**EXERCISE BRIEF**. With respect to the word "Polyclonal", report how many lines of the following listing include it. Give nothing but the number.

**EXERCISE MATERIALS**.
:::

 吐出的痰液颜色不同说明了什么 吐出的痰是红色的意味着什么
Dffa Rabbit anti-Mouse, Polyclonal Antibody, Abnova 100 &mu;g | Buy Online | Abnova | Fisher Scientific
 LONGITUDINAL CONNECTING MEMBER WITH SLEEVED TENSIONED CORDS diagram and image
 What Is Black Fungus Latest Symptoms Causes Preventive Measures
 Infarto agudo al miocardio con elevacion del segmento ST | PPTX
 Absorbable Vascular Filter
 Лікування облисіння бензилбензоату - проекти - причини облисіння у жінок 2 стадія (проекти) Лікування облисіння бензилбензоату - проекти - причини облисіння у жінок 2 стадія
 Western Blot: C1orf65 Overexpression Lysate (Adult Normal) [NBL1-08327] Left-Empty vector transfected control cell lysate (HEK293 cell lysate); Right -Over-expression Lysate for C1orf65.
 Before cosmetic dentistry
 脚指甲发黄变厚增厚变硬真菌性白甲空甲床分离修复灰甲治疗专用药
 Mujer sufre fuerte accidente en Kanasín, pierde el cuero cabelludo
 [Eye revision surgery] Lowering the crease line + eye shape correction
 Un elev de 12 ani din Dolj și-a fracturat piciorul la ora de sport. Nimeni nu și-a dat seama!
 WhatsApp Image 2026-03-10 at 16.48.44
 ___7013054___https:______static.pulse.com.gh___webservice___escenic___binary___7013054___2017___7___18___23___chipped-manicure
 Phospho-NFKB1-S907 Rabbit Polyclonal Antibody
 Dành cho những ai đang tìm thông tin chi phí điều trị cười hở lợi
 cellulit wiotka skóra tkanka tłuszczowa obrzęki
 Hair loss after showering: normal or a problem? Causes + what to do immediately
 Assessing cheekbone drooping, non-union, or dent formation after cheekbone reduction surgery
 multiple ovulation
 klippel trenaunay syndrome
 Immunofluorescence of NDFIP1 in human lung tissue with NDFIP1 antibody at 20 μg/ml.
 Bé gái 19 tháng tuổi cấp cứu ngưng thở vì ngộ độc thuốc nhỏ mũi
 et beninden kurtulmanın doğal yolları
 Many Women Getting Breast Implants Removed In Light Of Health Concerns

:::

**RESPONSE BELOW**. 2